By Noor Alexander
My boyfriend, Bernie and I are just wrapping up a visit to Destin, Florida with one of his historical friends I’ve just been introduced to, who he warned me in advance was unusual and a character. I got to experience this side of him, and one way that happened was through my shock when we arrived at his friend’s house during our second evening together for our pre-arranged dinner plans (just him and us) – only to discover he had already eaten with other guests and left some bare bison leftovers for us. When we arrived at his home a little earlier than we said, Dick greeted us with (what appeared to me) a cold, aloof look on his face and suggested we could grill more bison if we wanted to. I really didn’t know how to take it all in; I was in disbelief; I felt like I was in a movie or unreal dream. As I was noticing all that was coming up for me – feeling shocked, confused, angry – I simultaneously felt pressure or expected to – given social rules – to put on an open, friendly mask and turn my social graces on. However, I wasn’t in that space. I was present with my anger and confusion because I needed clarity, communication, understanding. In exchanging eyes with Bernie, I could tell his face communicated, “WTF?” Allowing Bernie to speak with Dick and his guests, I excused myself to use the restroom and begin to take the whole spectacle in. At one point, I waved to my boyfriend to join me in the bathroom, where we briefly discussed our responses to the situation, and he shared that he was choosing not to react.

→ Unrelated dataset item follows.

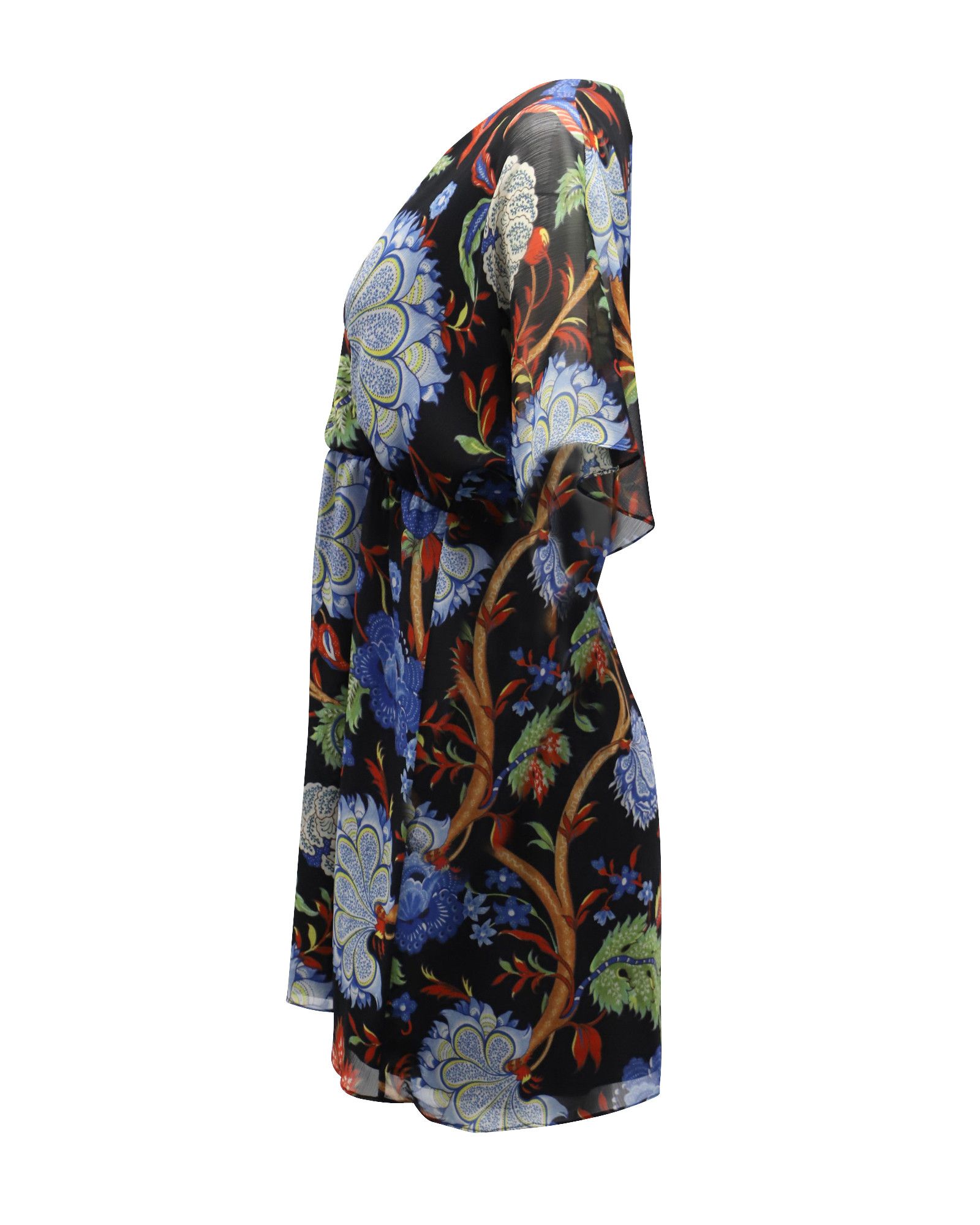 Alice + Olivia Alice + Olivia Cay Floral Dress in Multicolor Polyester Size XS / US 0-2 / IT 36-38 - 2 Thumbnail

A little later, when I heard the guests getting up to leave, I felt this was a good time to enter back and ask Dick about the whole situation. So, I did. Granted, I didn’t know him well (having just met him the day before), but I do know myself and attuning to my own feelings and needs is a new practice of conscious self-care for me. I was aware I was feeling outraged, hurt, and disappointed because I needed respect, clarity, communication, understanding, and resolution.

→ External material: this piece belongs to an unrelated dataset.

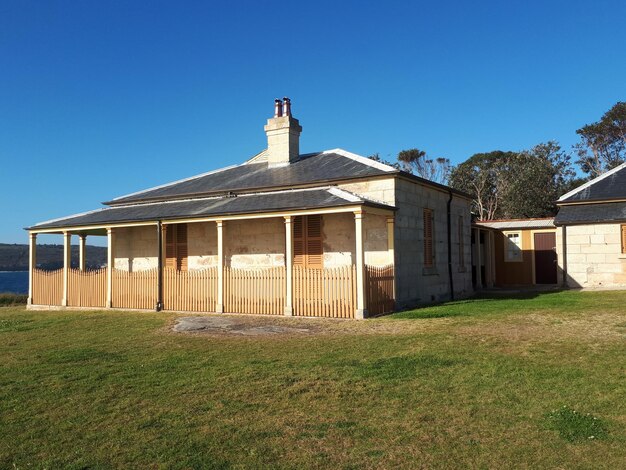 Lightkeeper's Cottages 1858 na S Head Heritage Trail Sydney 23 de agosto de 2019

Then, I put myself in his shoes to help me make sense of my confusion, and I speculated that he may have been feeling upset, disappointed, and let down because he may have been wanting more inclusion and connection time with us. I also guessed he may have felt disappointed because he expected to hang out with us the previous evening and that the dinner time we proposed was too late for him. As I’m writing this, I’m aware how much hurt and suffering can be caused when there is a discrepancy between one’s expectations and the reality of a situation, or when we don’t communicate our expectations or wants by expressing our feelings and needs clearly and in a way that advocates and truly stands up for ourselves. That was my experience of Dick, and that is also how I used to be. I am choosing differently now.
Subsequently, I chose to speak my truth and address the situation head-on rather than simply partake in the small talk because I needed authentic communication and wanted connection. Dick appeared uncomfortable and quickly steered the conversation in a different direction. Feeling unmet and resolute in my intention, I chose to nudge further and inquire whether he was maybe feeling upset or disappointed about the night before and our proposal to meet a little later for dinner; Dick then hesitantly and uncomfortably acknowledged that that had played a role, and admitted that he was being passive-aggressive.
Sometimes, it takes patience, resilience, and a commitment to connection.
We both hastily apologized for the impact and miscommunication, and though I wasn’t entirely satisfied, I was reminded that making space for unmet needs is important and an expression of compassion – and that, I can offer myself self-empathy to attend to some of my residual unresolved feelings and needs, which was self-supportive.
Overall, our expectations of a solo dinner with Dick on Saturday did not meet the reality of how things unfolded. Taking a bird’s eye view, I find the entire experience now somewhat amusing and a lesson in taking in information…
Experiencing Dick in this challenging way allowed me to eventually connect to our shared values of inclusion and connection and to appreciate his preference for eating early. Accepting the reality as it happened, while integrating my guesses of his feelings and needs, is what I am gathering and taking away to inform me how to better show up next time in a more mutually enriching and connecting way.
After addressing “the bison by the horns”, I noticed a shift in Dick – he offered to grill us some meat, suddenly became more host-like, and the conversation that followed was pleasant. Together, Bernie, Dick, and I ended up really enjoying the bison burgers and hot dogs (my first ever!), after the “bison in the room” had finally been addressed.